There is that saying about the long arm of the law and the places that it reaches. Considering how this latest cyber crime case practically covers three countries both near and far from the US, that might very well be applicable here. Several agencies of the US government made a joint announcement revealing some of the details that concerns two Vietnamese nationals and one Canadian who have been involved in one of the most massive case of email hacking and spam in the history of the US.

Between 2009 and 2012, two of the defendants, namely Viet Quoc Nguyen and Giang Hoang Vu, both Vietnamese citizens, allegedly hacked into at least eight email service providers in the US. This yielded over one billion email addresses taken from those companies' proprietary marketing data. Hacker behavior in the past years would make you presume that they would then post the fruits of their labor on some public channel or sell them to the highest bidder. That, however, wasn't enough for the two.

This part of the story is were Candadian David-Manuel Santos Da Silva comes in. Da Silva owned a retail site called Marketbay and allegedly went into a deal with Nguyen to profit from the stolen emails. For Nguyen's part, he was to spam those emails, using those hacked companies' own distribution platforms, and was given a commission for the sales that would come from those bulk emails. By 2012, Nguyen and Da Silva received $2 million from such sales.

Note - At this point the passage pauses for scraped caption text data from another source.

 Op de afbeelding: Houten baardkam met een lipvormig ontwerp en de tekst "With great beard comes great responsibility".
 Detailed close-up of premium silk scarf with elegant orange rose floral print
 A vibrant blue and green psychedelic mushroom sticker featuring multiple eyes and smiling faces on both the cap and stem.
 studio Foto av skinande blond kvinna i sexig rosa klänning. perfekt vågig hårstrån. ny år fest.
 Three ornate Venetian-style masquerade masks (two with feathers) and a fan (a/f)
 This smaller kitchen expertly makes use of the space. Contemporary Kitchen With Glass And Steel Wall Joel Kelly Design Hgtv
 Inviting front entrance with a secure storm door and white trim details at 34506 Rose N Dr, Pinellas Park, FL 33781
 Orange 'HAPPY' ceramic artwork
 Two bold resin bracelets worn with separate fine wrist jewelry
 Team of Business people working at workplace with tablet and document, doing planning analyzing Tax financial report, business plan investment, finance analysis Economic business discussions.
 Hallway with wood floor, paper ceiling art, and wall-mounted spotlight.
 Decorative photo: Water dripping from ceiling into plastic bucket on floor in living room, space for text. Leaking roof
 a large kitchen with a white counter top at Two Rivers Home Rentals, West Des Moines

The case sounds almost clear cut, but what the US government emphasizes is its ability to reach beyond borders to bring criminals, especially cyber ones, to justice. There is no safe haven for them. For example, Vu resided in the Netherlands where he was arrested in 2012 and later extradited to the US. Last month, Vu pleaded guilty to the charge of conspiracy to commit computer fraud.

Perhaps this is one of those cases where it does pay for the US government to have that long a reach, but it should always tread carefully and try to balance its powers. Just last month, Google made public its opposition to the proposed amendment to Criminal Procedure 41 that would allow any district judge to issue warrants to remotely access computers even outside its jurisdiction or outside the country for that matter. While that power might have been extremely useful in this case, considering how the defendants were located abroad, absolute power might also sour relationships with other governments and become counterproductive. After all, it was the amicable ties with those foreign governments that facilitated the investigation, arrest, and subsequent extradition of the defendants.